Non, pas vraiment, mais j’ai adoré la complexité du personnage. Quand Jessica (Chastain, coproductrice du film, ndlr) m’a appelée pour me proposer de jouer auprès d’elle une femme embarquée dans une histoire qui la dépasse, quelqu’un qui ne sait pas se battre, qui n’aime pas les armes, et qui se considère avant tout comme une mère, j’ai tout de suite accepté car c’est inattendu, et c’est quelque chose qu’on retrouve peu dans ce genre de cinéma. Je me suis dit que mon personnage pouvait apporter, par ce conflit, des ressorts de comédie dans un monde d’espions.
À un moment dans le film, vous posez cette question : « As-tu des secrets ? » N’est-ce pas une question cruciale, à une époque où les réseaux sociaux et la technologie privent de plus en plus chacun de sa part d’intimité ?
Non, je ne pense pas. Il suffit de choisir son camp. C’est à vous de décider si vous voulez partager vos secrets et votre vie personnelle sur les réseaux sociaux ou si vous voulez simplement l’utiliser pour le travail, pour l’activisme, pour promouvoir des sujets qui vous tiennent à cœur.

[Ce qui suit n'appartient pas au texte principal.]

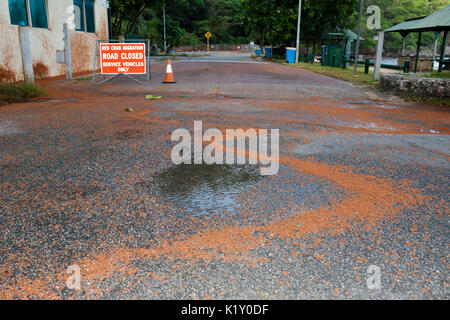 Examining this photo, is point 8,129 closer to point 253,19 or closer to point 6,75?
point 6,75

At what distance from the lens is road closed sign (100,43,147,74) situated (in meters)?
12.2

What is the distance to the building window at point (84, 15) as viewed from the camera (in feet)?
55.2

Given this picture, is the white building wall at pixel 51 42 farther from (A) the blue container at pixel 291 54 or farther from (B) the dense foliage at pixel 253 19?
→ (A) the blue container at pixel 291 54

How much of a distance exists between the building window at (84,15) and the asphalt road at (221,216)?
11.6 metres

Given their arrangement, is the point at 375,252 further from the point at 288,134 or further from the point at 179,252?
the point at 288,134

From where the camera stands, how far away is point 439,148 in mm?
5617

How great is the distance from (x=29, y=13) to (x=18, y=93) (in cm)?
496

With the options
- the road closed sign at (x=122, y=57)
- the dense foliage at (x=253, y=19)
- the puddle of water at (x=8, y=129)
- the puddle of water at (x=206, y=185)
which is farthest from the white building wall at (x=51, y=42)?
the dense foliage at (x=253, y=19)

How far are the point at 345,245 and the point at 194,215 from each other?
4.02 ft

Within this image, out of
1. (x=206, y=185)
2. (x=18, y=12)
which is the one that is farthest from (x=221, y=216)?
(x=18, y=12)

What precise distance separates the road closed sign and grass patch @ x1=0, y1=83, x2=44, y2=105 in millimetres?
2613

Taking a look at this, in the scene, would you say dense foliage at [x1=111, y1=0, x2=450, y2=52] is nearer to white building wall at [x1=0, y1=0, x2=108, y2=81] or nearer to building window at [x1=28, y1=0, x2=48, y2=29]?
white building wall at [x1=0, y1=0, x2=108, y2=81]

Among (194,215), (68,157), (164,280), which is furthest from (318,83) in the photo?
(164,280)

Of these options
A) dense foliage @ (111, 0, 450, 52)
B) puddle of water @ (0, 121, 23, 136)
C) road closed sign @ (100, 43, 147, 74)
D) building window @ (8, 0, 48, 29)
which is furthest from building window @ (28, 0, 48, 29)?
dense foliage @ (111, 0, 450, 52) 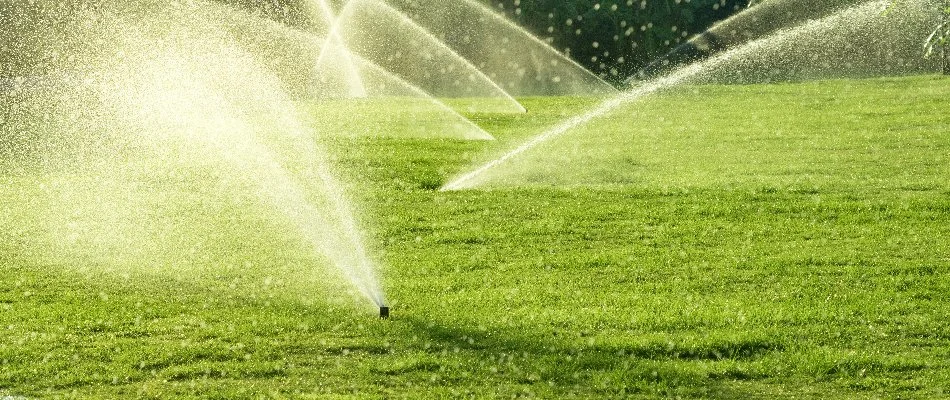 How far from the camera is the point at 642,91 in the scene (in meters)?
27.8

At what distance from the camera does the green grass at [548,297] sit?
6.50 metres

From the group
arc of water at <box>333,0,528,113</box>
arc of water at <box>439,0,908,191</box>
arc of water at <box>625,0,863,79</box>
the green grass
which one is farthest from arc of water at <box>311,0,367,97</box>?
the green grass

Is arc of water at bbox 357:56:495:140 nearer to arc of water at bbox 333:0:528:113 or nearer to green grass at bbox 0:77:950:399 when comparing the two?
arc of water at bbox 333:0:528:113

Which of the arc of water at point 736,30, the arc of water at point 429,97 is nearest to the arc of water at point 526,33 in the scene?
the arc of water at point 736,30

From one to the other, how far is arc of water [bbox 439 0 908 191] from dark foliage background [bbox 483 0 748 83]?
1422mm

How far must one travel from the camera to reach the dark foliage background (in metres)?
35.9

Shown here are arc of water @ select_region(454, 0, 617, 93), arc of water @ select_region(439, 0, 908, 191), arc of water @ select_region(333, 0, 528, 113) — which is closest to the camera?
arc of water @ select_region(439, 0, 908, 191)

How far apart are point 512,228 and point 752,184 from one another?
3601 mm

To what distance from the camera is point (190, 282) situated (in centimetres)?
897

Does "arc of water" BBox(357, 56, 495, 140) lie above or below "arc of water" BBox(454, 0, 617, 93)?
below

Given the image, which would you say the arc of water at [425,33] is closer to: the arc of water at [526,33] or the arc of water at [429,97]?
the arc of water at [429,97]

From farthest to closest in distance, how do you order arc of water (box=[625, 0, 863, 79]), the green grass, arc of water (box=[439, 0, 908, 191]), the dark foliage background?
the dark foliage background < arc of water (box=[625, 0, 863, 79]) < arc of water (box=[439, 0, 908, 191]) < the green grass

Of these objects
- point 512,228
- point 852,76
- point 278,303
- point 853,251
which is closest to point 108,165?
point 512,228

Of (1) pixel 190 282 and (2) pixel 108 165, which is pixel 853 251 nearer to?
(1) pixel 190 282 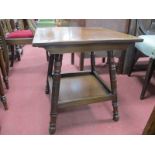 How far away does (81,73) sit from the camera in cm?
167

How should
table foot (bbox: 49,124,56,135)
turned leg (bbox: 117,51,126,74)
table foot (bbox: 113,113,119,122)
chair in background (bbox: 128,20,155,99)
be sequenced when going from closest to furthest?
1. table foot (bbox: 49,124,56,135)
2. table foot (bbox: 113,113,119,122)
3. chair in background (bbox: 128,20,155,99)
4. turned leg (bbox: 117,51,126,74)

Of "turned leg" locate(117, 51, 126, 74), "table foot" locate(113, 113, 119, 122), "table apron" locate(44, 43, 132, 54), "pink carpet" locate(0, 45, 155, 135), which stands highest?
"table apron" locate(44, 43, 132, 54)

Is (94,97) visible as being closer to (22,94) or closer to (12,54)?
(22,94)

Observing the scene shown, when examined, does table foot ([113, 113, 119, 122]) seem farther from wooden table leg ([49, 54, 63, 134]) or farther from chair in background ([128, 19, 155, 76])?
chair in background ([128, 19, 155, 76])

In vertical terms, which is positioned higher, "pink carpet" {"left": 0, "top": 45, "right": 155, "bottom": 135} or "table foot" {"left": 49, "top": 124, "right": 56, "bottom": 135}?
"table foot" {"left": 49, "top": 124, "right": 56, "bottom": 135}

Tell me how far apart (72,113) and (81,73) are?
1.26 feet

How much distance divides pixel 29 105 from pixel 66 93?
371mm

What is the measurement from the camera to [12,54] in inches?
94.8

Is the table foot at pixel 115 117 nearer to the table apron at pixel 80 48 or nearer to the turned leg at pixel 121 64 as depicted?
the table apron at pixel 80 48

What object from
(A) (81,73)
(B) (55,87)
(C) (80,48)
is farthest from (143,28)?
(B) (55,87)

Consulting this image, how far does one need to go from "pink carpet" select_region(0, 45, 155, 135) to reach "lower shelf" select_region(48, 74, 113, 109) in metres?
0.17

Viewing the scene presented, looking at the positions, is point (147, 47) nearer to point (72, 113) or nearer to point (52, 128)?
point (72, 113)

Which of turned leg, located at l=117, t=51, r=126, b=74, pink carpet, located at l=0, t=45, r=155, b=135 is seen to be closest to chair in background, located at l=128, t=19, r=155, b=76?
turned leg, located at l=117, t=51, r=126, b=74

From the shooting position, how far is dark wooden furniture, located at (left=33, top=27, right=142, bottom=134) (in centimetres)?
104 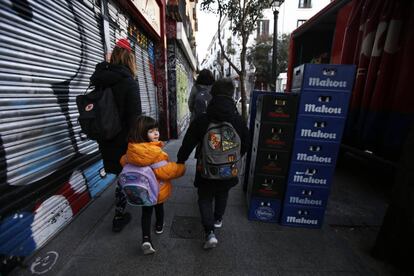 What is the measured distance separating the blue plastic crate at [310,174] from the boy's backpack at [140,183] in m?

Il ne me viendrait jamais à l’esprit d’utiliser les médias sociaux pour raconter ma vie de famille. Ça ne correspond pas à mon caractère, mais je ne juge pas ceux qui le font.
Que ne supportez-vous pas que l’on dise de vous ?
Je ne me concentre pas sur ce que l’on peut penser de moi, et même lorsque l’on me complimente de manière incroyable, j’essaie de garder mes distances et de ne pas croire la personne à 100 %. Quant aux propos négatifs, je n’en sais rien car je ne vais jamais voir ce qui figure sur Google. Ce serait vraiment un exercice très mauvais pour ma santé mentale ! (Rires.) Je suis juste soucieuse des avis de ma famille et de mes amis. Je suis bien sûr reconnaissante vis-à-vis des gens qui aiment mes films ou qui m’écrivent, d’ailleurs j’essaie de répondre à un maximum de lettres.
Continuez-vous d’être active dans Write Her Future, le programme contre l’illettrisme des jeunes filles développé par Lancôme ?
Oui, existe-t-il une plus belle idée que celle de donner aux jeunes filles les outils nécessaires pour pouvoir étudier ? Offrir l’éducation, c’est donner la liberté de prendre son destin en main. Lors d’un voyage à Calcutta à l’âge de 20 ans, j’ai rencontré une petite orpheline de 8 ans qui m’a tellement émue que j’ai décidé de m’en occuper en subvenant à ses besoins et à ses études.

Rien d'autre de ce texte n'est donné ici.